(TASK TO COMPLETE) How many of the lines below include "Women"? Give the number and no other words.

(Short text fragments from websites)
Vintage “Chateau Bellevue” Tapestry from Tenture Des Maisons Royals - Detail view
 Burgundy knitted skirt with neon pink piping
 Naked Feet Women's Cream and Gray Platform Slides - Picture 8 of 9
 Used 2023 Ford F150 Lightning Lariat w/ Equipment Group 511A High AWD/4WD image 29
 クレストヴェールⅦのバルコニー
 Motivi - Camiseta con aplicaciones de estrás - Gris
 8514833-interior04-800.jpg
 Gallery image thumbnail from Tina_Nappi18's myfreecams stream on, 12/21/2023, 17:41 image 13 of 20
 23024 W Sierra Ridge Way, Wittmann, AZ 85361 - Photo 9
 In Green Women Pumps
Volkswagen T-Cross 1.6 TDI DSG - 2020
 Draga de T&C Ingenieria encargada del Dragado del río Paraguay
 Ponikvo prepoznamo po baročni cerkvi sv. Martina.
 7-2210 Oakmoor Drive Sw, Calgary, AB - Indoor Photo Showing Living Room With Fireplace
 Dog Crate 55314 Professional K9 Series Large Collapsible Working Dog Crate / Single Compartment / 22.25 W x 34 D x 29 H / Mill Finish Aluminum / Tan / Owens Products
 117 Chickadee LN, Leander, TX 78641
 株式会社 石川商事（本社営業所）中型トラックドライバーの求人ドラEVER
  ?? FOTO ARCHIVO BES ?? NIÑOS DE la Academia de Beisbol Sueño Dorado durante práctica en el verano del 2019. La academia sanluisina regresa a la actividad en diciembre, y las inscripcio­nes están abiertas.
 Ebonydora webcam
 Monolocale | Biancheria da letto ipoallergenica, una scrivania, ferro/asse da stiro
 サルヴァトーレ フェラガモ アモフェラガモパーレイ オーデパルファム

(RESULT OF THE EXERCISE) 2